Which solvent/thinner should I use

Which solvent/thinner should I use to thin tung oil. Naptha,
Turpentine, Mineral spirits, Citrus Solvent (D-Limonene), OTHER? The
recipe that I like best contains 40% to 80% thinner/solvent.
Therefore, the characteristics of the thinner are much more important
that they would be if you were just adding a few ounces to thin out a
product.

The characteristics I am looking for in a thinner/solvent are as
follows

*The thinner dries out completely in a reasonable amount of time and
does not leave any oil or residue.
*If any oil or residue is left by the thinner will the oil or residue
harden or will it leave the floor oily/gummy/tacky/sticky/damp - and
trap dirt and dust?
*The thinner should be Non Yellowing with time
*Low or no odor - using on floors & large areas not just a little
piece.
*Compatible with tung oil


Please let me know what thinners would be good or bad for this
purpose.



PROS AND CONS AS I SEE THEM (and PLEASE correct me where I am wrong)

The MINERAL SPIRITS I am currently using(high quality from a great
local paint store- NOT from Home Cheapo) dries too slowly and they
offgass a mineral spirit odor for days, they also leave an oily
residue or don't completely dry/evaporate even after several days.

CITRUS SOLVENT(D-LIMONENE) would be my first choice if I could get the
same results as the other thinners.
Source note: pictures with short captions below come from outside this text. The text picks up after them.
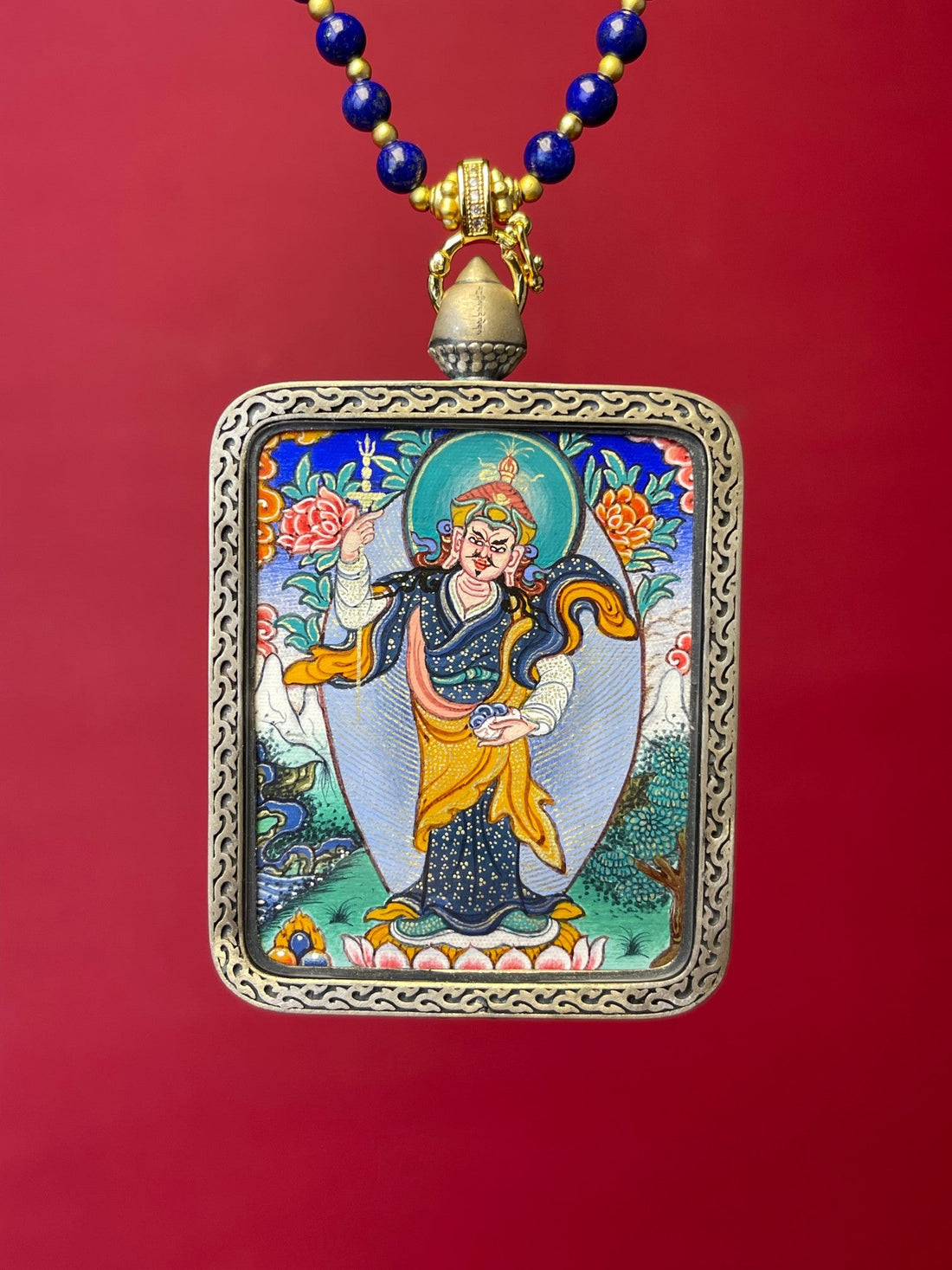 3.5x4.5cm Padmasambhava (莲花生大师) Standing Tibet Buddhist Pendant with Copper Casing: Guru Tibetan Buddhist Jewelry
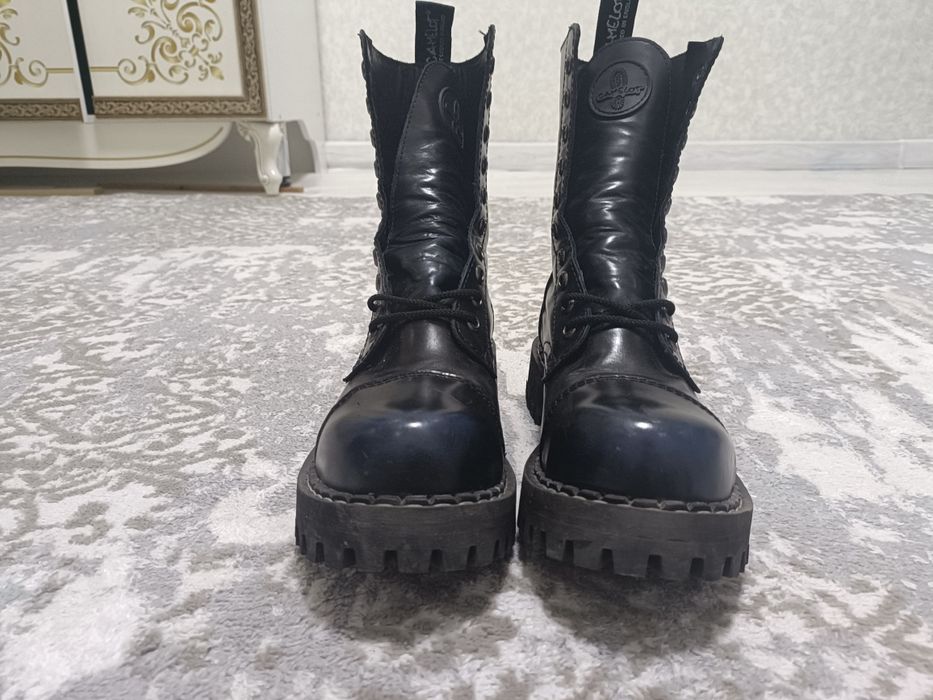 Темно синие ботинки Камелот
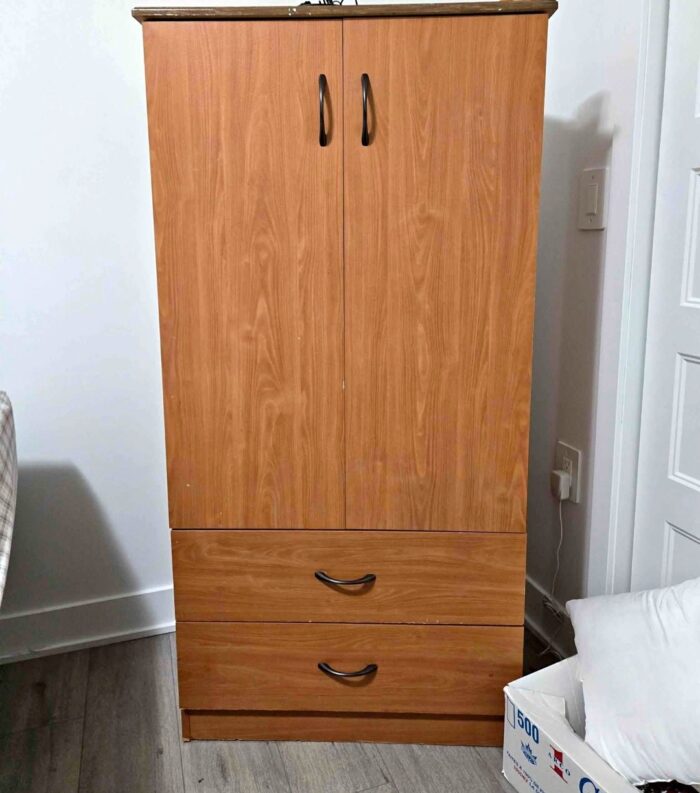 Wooden Assembled Wardrobe 106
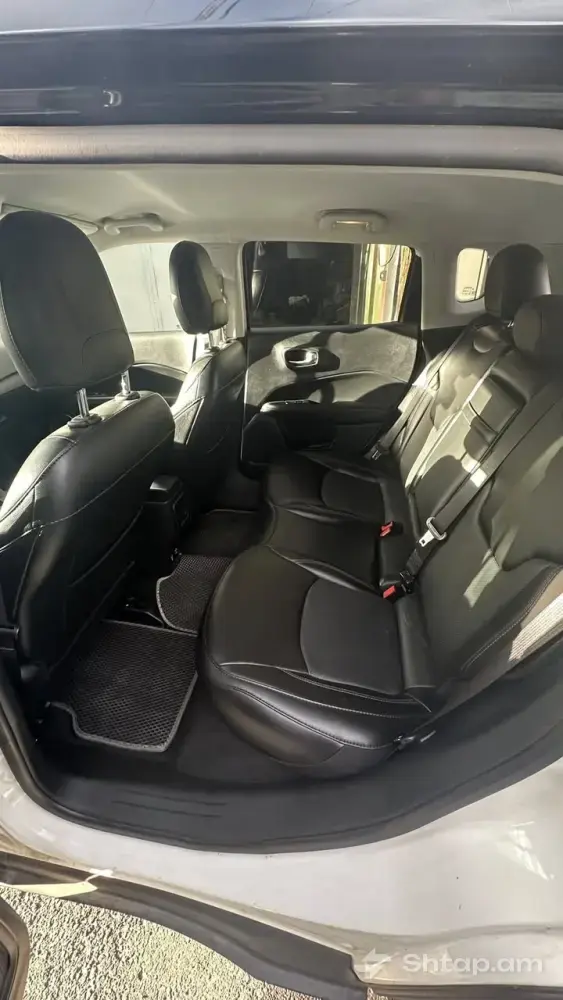 Ideal 2019 Jeep Compass 4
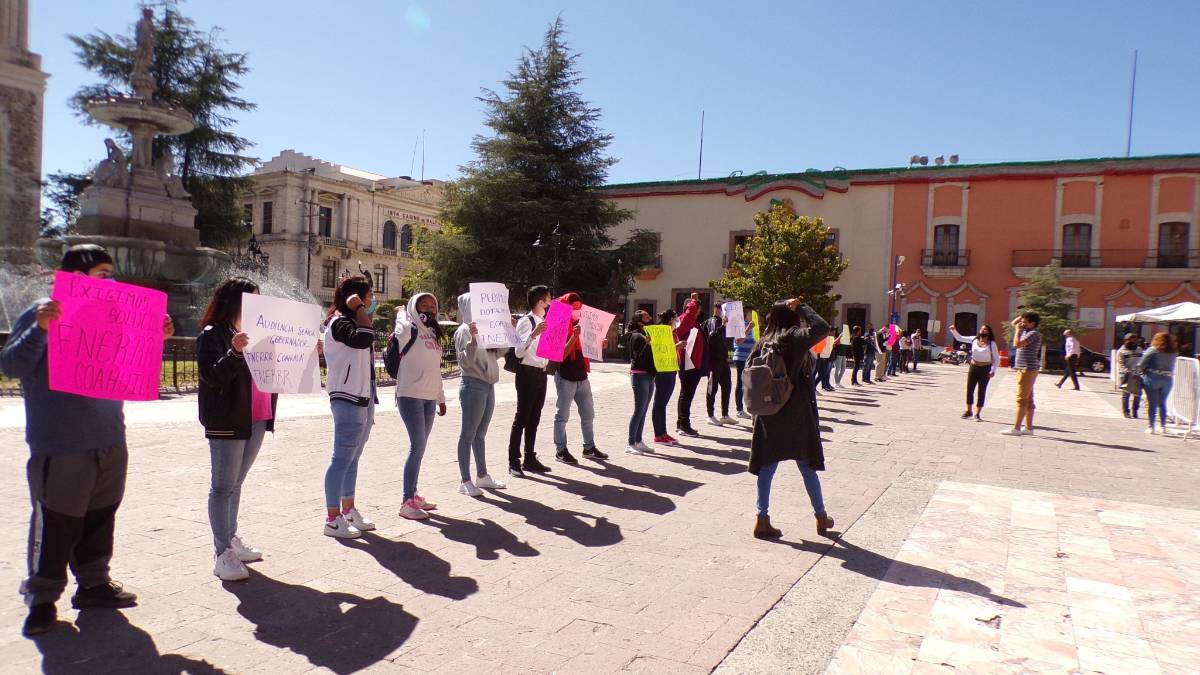 Realizan jóvenes plantón en Saltillo para exigir internet y poder tomar clases en línea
I would rather use the citrus
solvent for offgass, smell, health and environmental reasons. I have
never used it anyone tried it? I heard it could yellow or gum up?

TURPENTINE may be a good choice. Although the turpentine may have a
stronger smell, the smell is less offensive then mineral spirits
because after a few days it leaves the floor smelling like they have
been cleaned with a pine cleaner like pine-sol rather than smelling
like mineral spirits. Does turpentine yellow? It seems to
dry/evaporate better than mineral spirits.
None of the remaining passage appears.